* EXERCISE PROMPT
Take the data below and extract the lines from the one with "Cooler Master fa08025m12lpa" to the one with "Japanische Schlichte Florale", inclusive, exactly as written.
--- RAW DATA Enclosed Below ---
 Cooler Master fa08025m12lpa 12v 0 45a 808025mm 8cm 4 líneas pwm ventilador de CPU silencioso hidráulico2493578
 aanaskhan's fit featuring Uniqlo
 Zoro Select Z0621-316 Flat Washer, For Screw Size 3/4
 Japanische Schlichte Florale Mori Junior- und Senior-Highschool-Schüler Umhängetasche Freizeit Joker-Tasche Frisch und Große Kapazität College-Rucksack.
--- End of Enclosed RAW DATA ---
--- RAW DATA Enclosed Below ---
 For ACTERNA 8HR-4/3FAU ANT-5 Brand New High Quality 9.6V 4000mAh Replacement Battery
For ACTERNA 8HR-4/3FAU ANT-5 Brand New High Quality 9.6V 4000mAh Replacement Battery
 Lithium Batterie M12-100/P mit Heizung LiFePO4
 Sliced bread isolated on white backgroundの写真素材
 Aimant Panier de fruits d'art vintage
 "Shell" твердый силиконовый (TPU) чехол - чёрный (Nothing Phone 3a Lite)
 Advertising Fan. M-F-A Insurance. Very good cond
--- End of Enclosed RAW DATA ---
--- RAW DATA Enclosed Below ---
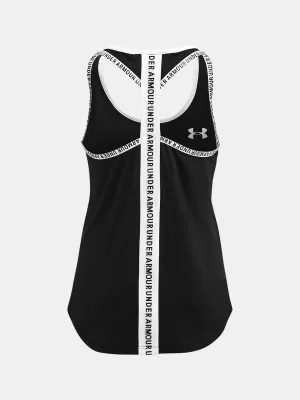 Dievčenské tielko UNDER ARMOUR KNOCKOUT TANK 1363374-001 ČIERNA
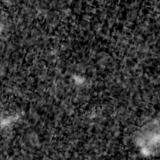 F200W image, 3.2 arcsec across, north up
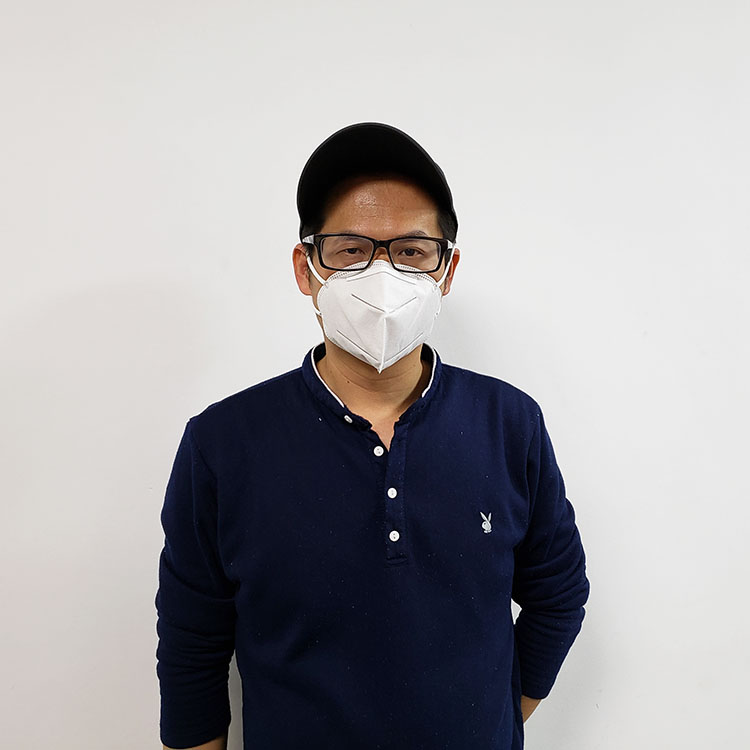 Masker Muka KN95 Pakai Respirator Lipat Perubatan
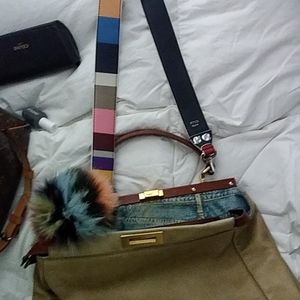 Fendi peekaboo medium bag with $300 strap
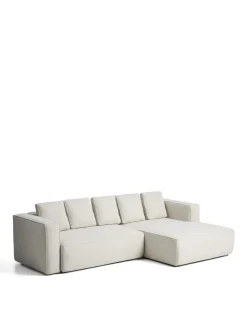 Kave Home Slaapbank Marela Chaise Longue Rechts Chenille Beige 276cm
--- End of Enclosed RAW DATA ---
* RESULT OF THIS EXERCISE
 Cooler Master fa08025m12lpa 12v 0 45a 808025mm 8cm 4 líneas pwm ventilador de CPU silencioso hidráulico2493578
 aanaskhan's fit featuring Uniqlo
 Zoro Select Z0621-316 Flat Washer, For Screw Size 3/4
 Japanische Schlichte Florale Mori Junior- und Senior-Highschool-Schüler Umhängetasche Freizeit Joker-Tasche Frisch und Große Kapazität College-Rucksack.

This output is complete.